**INFORMATION GIVEN**:
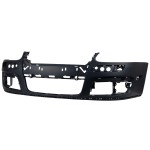 Front Bumper Cover for Volkswagen Jetta 2005-2010, Primed (Ready to Paint), Replacement (CAPA Certified)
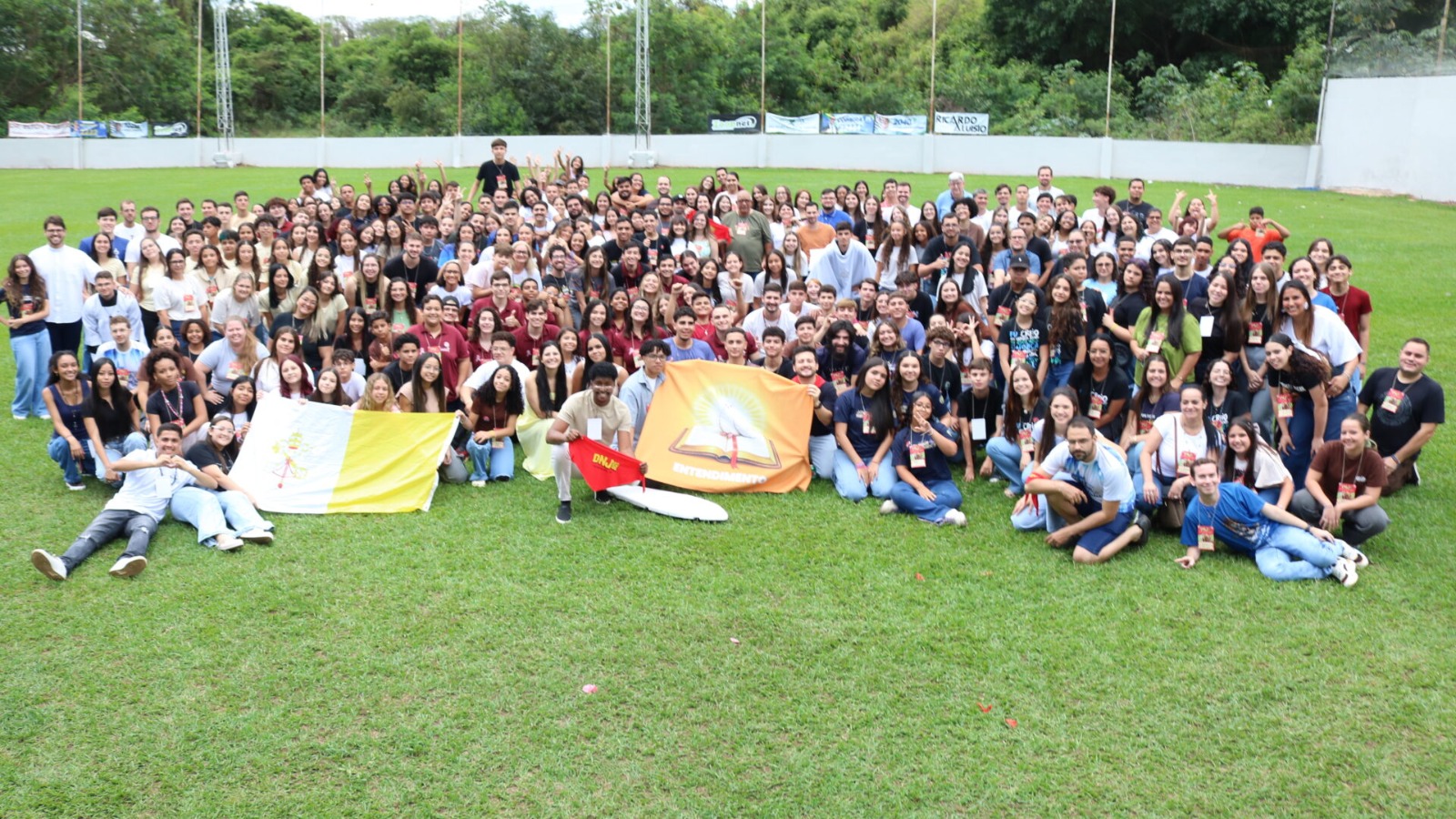 DNJ reúne mais de 500 jovens e adolescentes em Palmeira d’Oeste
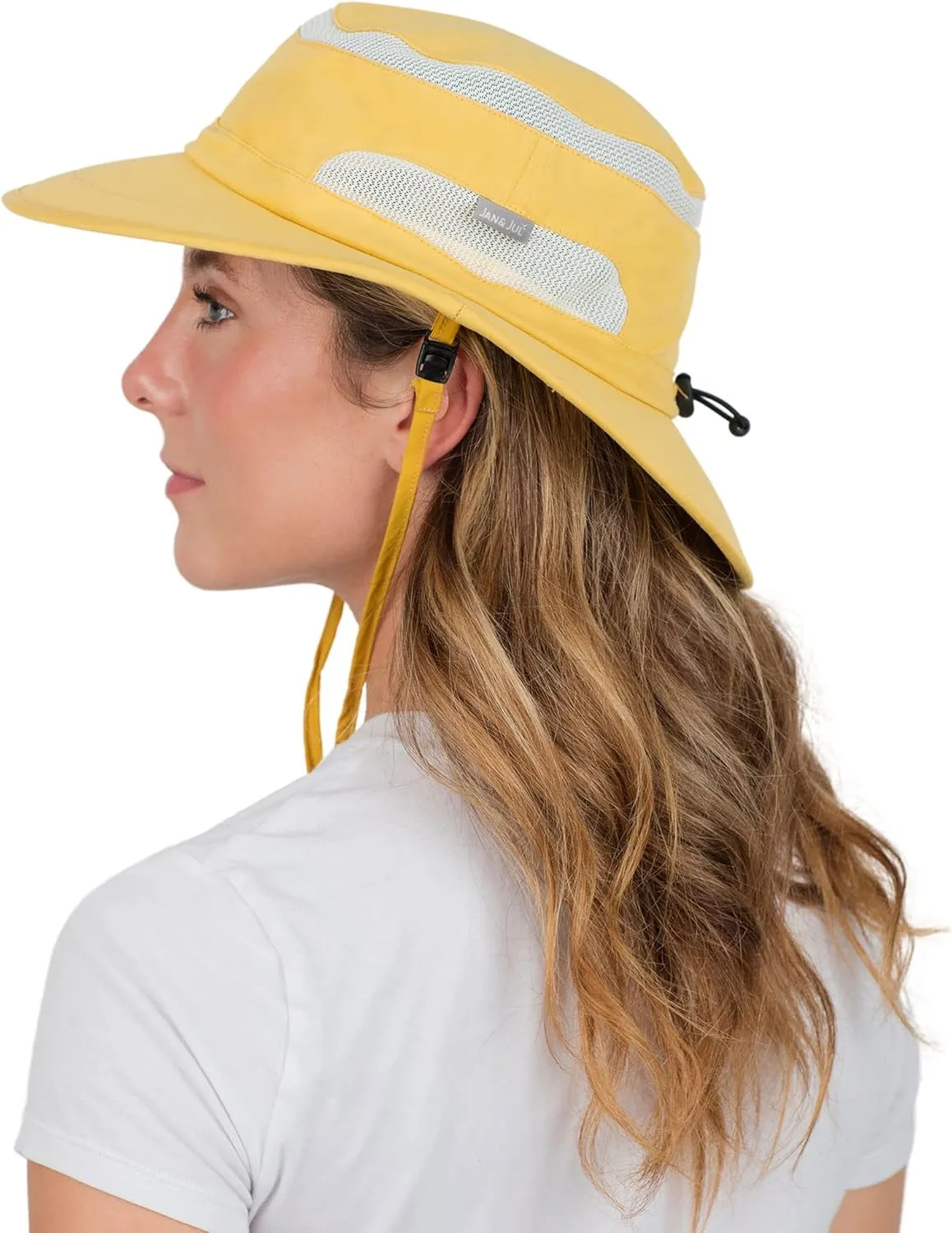 JAN & JUL Jasper Hat | 50  UPF Outdoor Hat with Mesh Panels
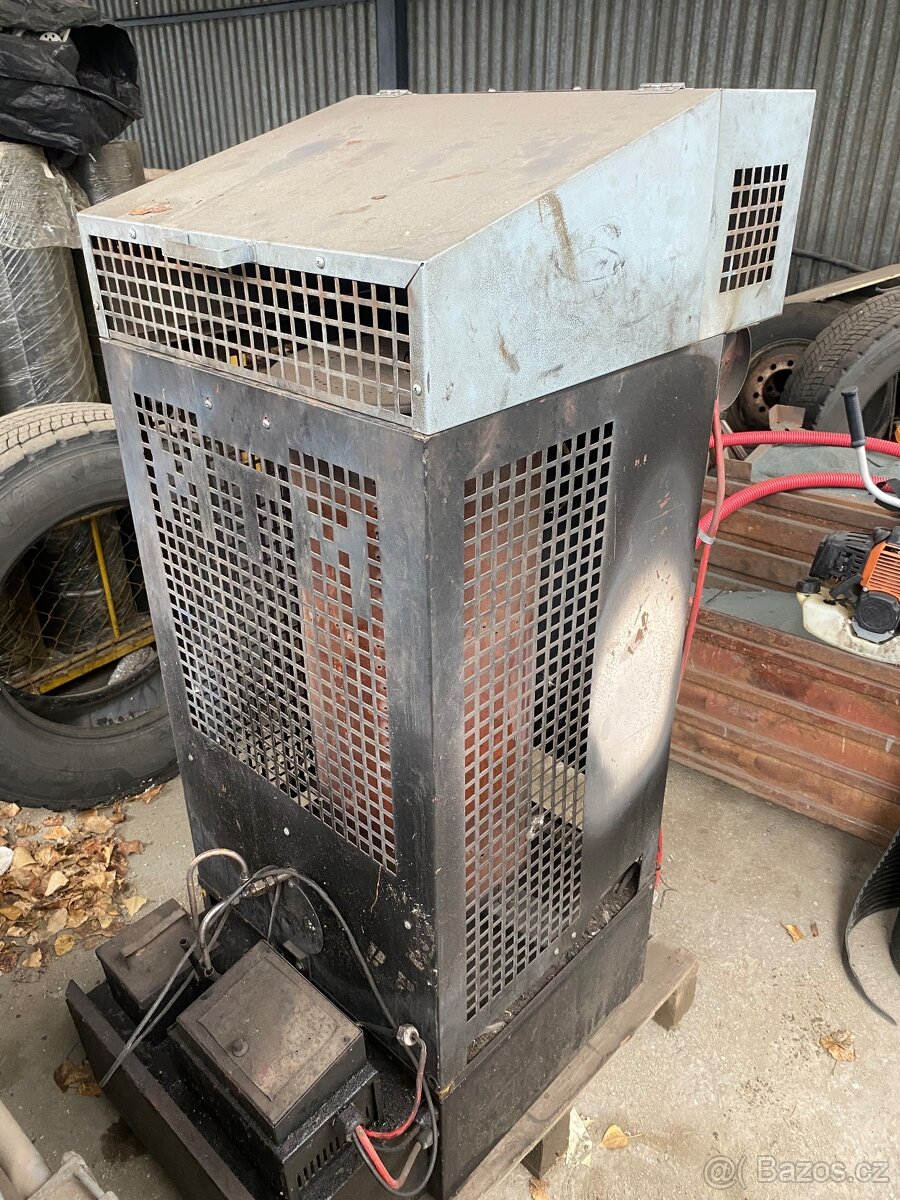 Kamna na olej - olejová kamna MTM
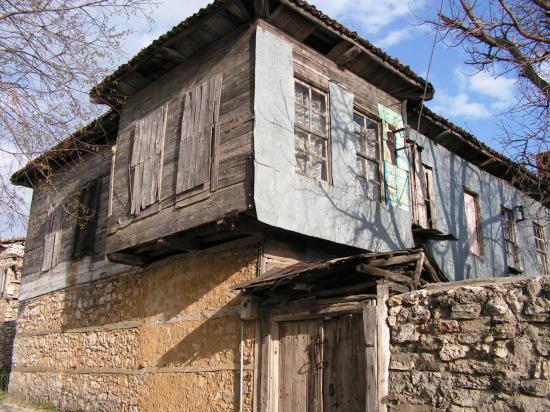 Egirdir - Maisons traditionnelles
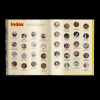 Buchcover und Innenansicht für das Buch: POP: A Visual History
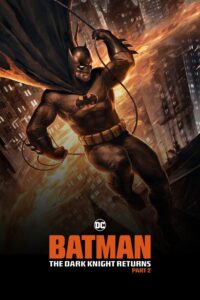 Capa do animação: Batman: O Cavaleiro das Trevas Parte 2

**WORK REQUEST**:
Repeat the listing exactly, pictures excluded.

**TASK ANSWER**:
 Front Bumper Cover for Volkswagen Jetta 2005-2010, Primed (Ready to Paint), Replacement (CAPA Certified)
 DNJ reúne mais de 500 jovens e adolescentes em Palmeira d’Oeste
 JAN & JUL Jasper Hat | 50  UPF Outdoor Hat with Mesh Panels
 Kamna na olej - olejová kamna MTM
 Egirdir - Maisons traditionnelles
 Buchcover und Innenansicht für das Buch: POP: A Visual History
 Capa do animação: Batman: O Cavaleiro das Trevas Parte 2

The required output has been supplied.